**TASK PROMPT**: Find the line with "Golden Heart Pendant Necklace" in the entries below, then output every line from it down to the line with "Red heartbreak / broken heart", exactly and with no pictures.

**DATA FOR THE TASK**:

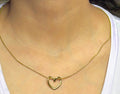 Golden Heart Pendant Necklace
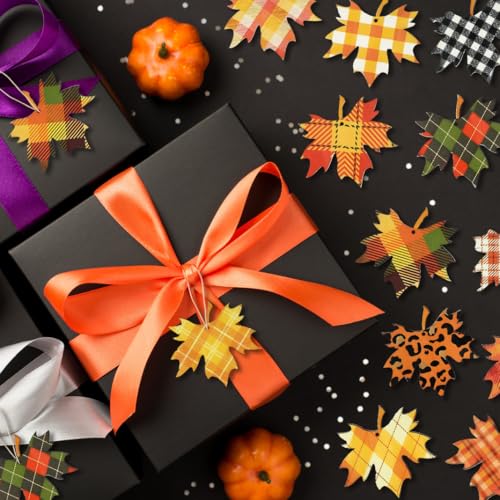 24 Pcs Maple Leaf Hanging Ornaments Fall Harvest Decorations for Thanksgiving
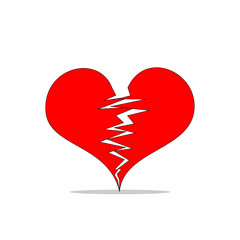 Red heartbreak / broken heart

...

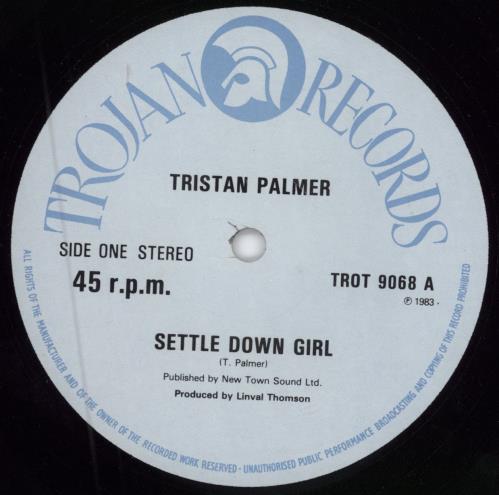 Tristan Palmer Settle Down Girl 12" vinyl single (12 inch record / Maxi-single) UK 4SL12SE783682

**ANSWER FOR THIS EXERCISE**:
 Golden Heart Pendant Necklace
 24 Pcs Maple Leaf Hanging Ornaments Fall Harvest Decorations for Thanksgiving
 Red heartbreak / broken heart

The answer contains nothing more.